## WHAT YOU HAVE TO DO
The entries below contain a line with "EARLY GAUNTLET FINGER SCALES" and a line with "For Infinix Hot". Quote exactly those two lines and all lines between them.

## DATA
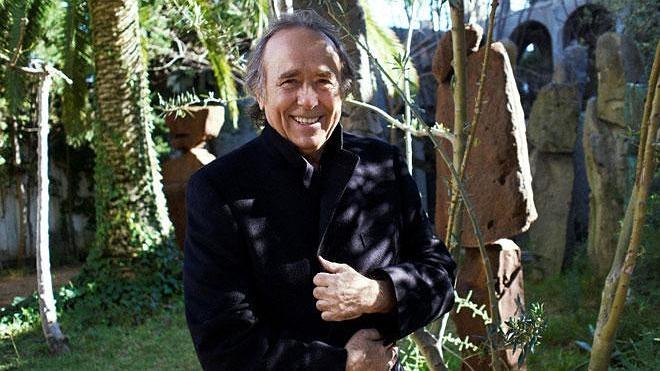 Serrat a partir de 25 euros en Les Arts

--

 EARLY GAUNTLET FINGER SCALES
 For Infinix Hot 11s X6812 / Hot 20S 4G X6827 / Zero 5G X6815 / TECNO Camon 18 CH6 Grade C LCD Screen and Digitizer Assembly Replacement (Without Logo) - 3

* * *

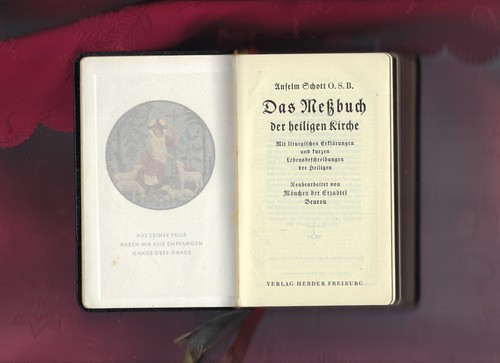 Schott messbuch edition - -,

## ANSWER TO THE PROBLEM
 EARLY GAUNTLET FINGER SCALES
 For Infinix Hot 11s X6812 / Hot 20S 4G X6827 / Zero 5G X6815 / TECNO Camon 18 CH6 Grade C LCD Screen and Digitizer Assembly Replacement (Without Logo) - 3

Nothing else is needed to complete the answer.